▶ What you have to do:
Nothing but the records beneath, reproduced exactly, should appear in the answer.

▶ Dataset excerpts:
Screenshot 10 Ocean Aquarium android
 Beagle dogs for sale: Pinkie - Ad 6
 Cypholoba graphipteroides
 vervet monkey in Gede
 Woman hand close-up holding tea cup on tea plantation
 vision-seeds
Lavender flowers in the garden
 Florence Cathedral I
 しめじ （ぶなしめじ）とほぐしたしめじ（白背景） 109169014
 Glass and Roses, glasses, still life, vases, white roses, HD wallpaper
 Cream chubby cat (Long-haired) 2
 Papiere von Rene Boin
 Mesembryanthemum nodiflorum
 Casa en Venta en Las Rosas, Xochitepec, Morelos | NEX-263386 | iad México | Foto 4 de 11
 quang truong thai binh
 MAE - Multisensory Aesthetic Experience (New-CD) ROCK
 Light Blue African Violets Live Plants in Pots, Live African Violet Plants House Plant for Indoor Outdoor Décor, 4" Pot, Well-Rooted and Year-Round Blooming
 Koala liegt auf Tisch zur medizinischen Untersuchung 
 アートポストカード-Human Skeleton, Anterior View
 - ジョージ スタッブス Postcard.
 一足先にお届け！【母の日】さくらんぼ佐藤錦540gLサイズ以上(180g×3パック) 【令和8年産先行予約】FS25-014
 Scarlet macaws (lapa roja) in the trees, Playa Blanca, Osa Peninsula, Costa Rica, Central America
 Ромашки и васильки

▶ Your solution:
Screenshot 10 Ocean Aquarium android
 Beagle dogs for sale: Pinkie - Ad 6
 Cypholoba graphipteroides
 vervet monkey in Gede
 Woman hand close-up holding tea cup on tea plantation
 vision-seeds
Lavender flowers in the garden
 Florence Cathedral I
 しめじ （ぶなしめじ）とほぐしたしめじ（白背景） 109169014
 Glass and Roses, glasses, still life, vases, white roses, HD wallpaper
 Cream chubby cat (Long-haired) 2
 Papiere von Rene Boin
 Mesembryanthemum nodiflorum
 Casa en Venta en Las Rosas, Xochitepec, Morelos | NEX-263386 | iad México | Foto 4 de 11
 quang truong thai binh
 MAE - Multisensory Aesthetic Experience (New-CD) ROCK
 Light Blue African Violets Live Plants in Pots, Live African Violet Plants House Plant for Indoor Outdoor Décor, 4" Pot, Well-Rooted and Year-Round Blooming
 Koala liegt auf Tisch zur medizinischen Untersuchung 
 アートポストカード-Human Skeleton, Anterior View
 - ジョージ スタッブス Postcard.
 一足先にお届け！【母の日】さくらんぼ佐藤錦540gLサイズ以上(180g×3パック) 【令和8年産先行予約】FS25-014
 Scarlet macaws (lapa roja) in the trees, Playa Blanca, Osa Peninsula, Costa Rica, Central America
 Ромашки и васильки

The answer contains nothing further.